For automatic restart-cost reduction, pass truncate_wal: true:

// Atomic compact: replace wal.bin with the snapshot in one
// lock pass + reopen the disk lane. No restart needed.
{"method": "topic.checkpoint",
 "params": {"truncate_wal": true}}
 
// → {"snapshot_path": null,           // no separate file written
//    "wal_truncated": true,
//    "ops":           1834,
//    "bytes":         287512}
 
// Or both: snapshot to backup AND compact wal.bin in one call.
{"method": "topic.checkpoint",
 "params": {"path":          "/mnt/backup/arcflow-2026-05-11.bin",
            "truncate_wal":  true}}

When truncate_wal: true, the daemon:

Materializes pub/sub state under the store lock,
Drains the disk lane (shutdown — flush + thread join),
Writes wal.bin.tmp (compacted form) + fsync,
Atomically renames wal.bin.tmp → wal.bin,
Reopens a fresh AsyncWalLane on the new wal.bin,
Releases the lock — publishers resume.

Crash points are all recoverable:

Before rename: old wal.bin intact, replay restores pre-checkpoint state. .tmp file is garbage, gets reused on next checkpoint.
After rename, before lane reopen: new wal.bin in place, daemon down. Restart picks up the truncated form.
Mid-rename: POSIX rename is atomic. Either fully done or untouched.

No separate snapshot loader is needed at startup — the existing init_store_with_wal replay reads the compacted wal.bin directly.

Typed errors:

WAL_NOT_ENABLED — truncate_wal: true without --data-dir, or snapshot-only mode with no path and no --data-dir
WAL_TRUNCATE_WRITE_FAILED / WAL_TRUNCATE_RENAME_FAILED — the daemon attempts to reopen the original lane before erroring, so the daemon stays operational and the operator can retry
WAL_LANE_REOPEN_FAILED — wal.bin truncated successfully but the lane couldn't be reopened. Restart the daemon to restore durability (the on-disk state is correct).

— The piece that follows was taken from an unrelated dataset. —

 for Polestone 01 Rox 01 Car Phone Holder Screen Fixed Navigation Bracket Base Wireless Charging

Periodic auto-checkpoint — `--auto-checkpoint-secs`

For unattended production deployments, pass --auto-checkpoint-secs <N> to the daemon. A background thread fires topic.checkpoint{truncate_wal: true} every N seconds so wal.bin stays bounded without operator intervention:

# Compact wal.bin every 5 minutes
arcflow-daemon \
  --data-dir /var/lib/arcflow \
  --auto-checkpoint-secs 300

Property	Behavior
Default	`0` (disabled) — operators must opt in.
Floor	`10` seconds when enabled. Sub-10s cadence burns more on lane shutdown/reopen than it saves in restart cost; rejected at startup.
Realistic values	`60` (per minute), `300` (5 min), `3600` (hourly).
Without `--data-dir`	Silently ignored (no WAL to compact).
Shutdown latency	Sleeps in 1-second slices, so SIGTERM during a long period (e.g. `--auto-checkpoint-secs 3600`) doesn't make the daemon wait an hour to exit.
Failure	Logs to stderr, doesn't retry until the next tick. Alarm pattern: `rate(arcflow_wal_checkpoints_total[1h]) == 0` while the flag is set means the compactor stalled.

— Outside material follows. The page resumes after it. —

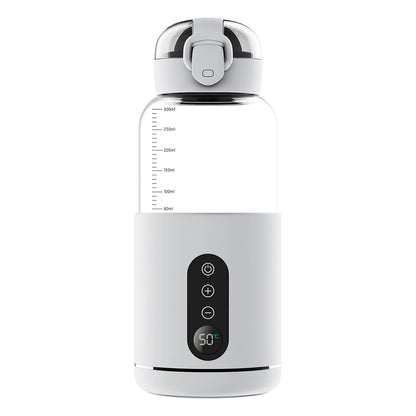 Portable Baby Milk Bottle Warmer USB Charge Temperature Adjustable & Display Wirelss Thermostat Electric Water Warmers Bottle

Both manual and automatic checkpoints increment the same counter (arcflow_wal_checkpoints_total), so a fleet-wide checkpoint-rate dashboard works regardless of which path triggered the compaction.

Daemon identity — `daemon.info`#

Cheap RPC that returns the daemon's version, uptime, active flag values, and live counts. Useful for "is this the daemon I think I'm talking to" debugging and for client SDKs that want to gate features on a minimum daemon version.

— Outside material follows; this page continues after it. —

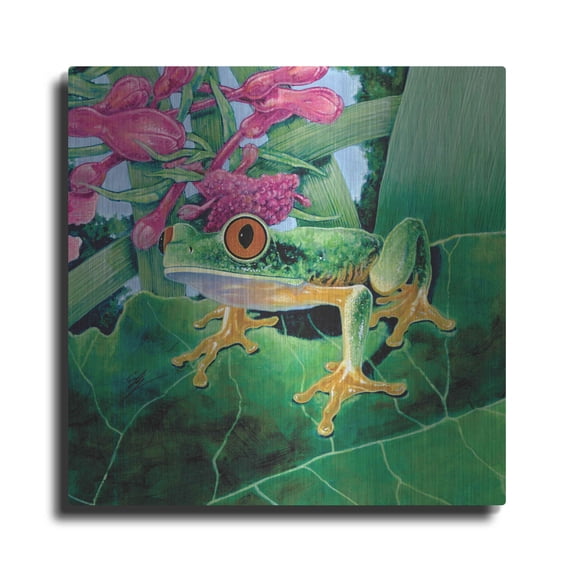 Luxe Metal Art 'Calli' by Durwood Coffey, Metal Wall Art, 36"x36"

{"method": "daemon.info", "params": {}}
 
// → {
//   "version":         "0.8.0",
//   "uptime_seconds":  3672,
//   "wal_durability":  true,           // mirrors `--data-dir` presence
//   "limits": {
//     "max_line_bytes":  16777216,
//     "max_connections": 1024
//   },
//   "counts": {
//     "topics":          42,
//     "consumers":       18,
//     "consumer_groups": 3
//   }
// }

The same version is exposed as the arcflow_build_info{version="…"} gauge label on /metrics, and uptime as arcflow_uptime_seconds.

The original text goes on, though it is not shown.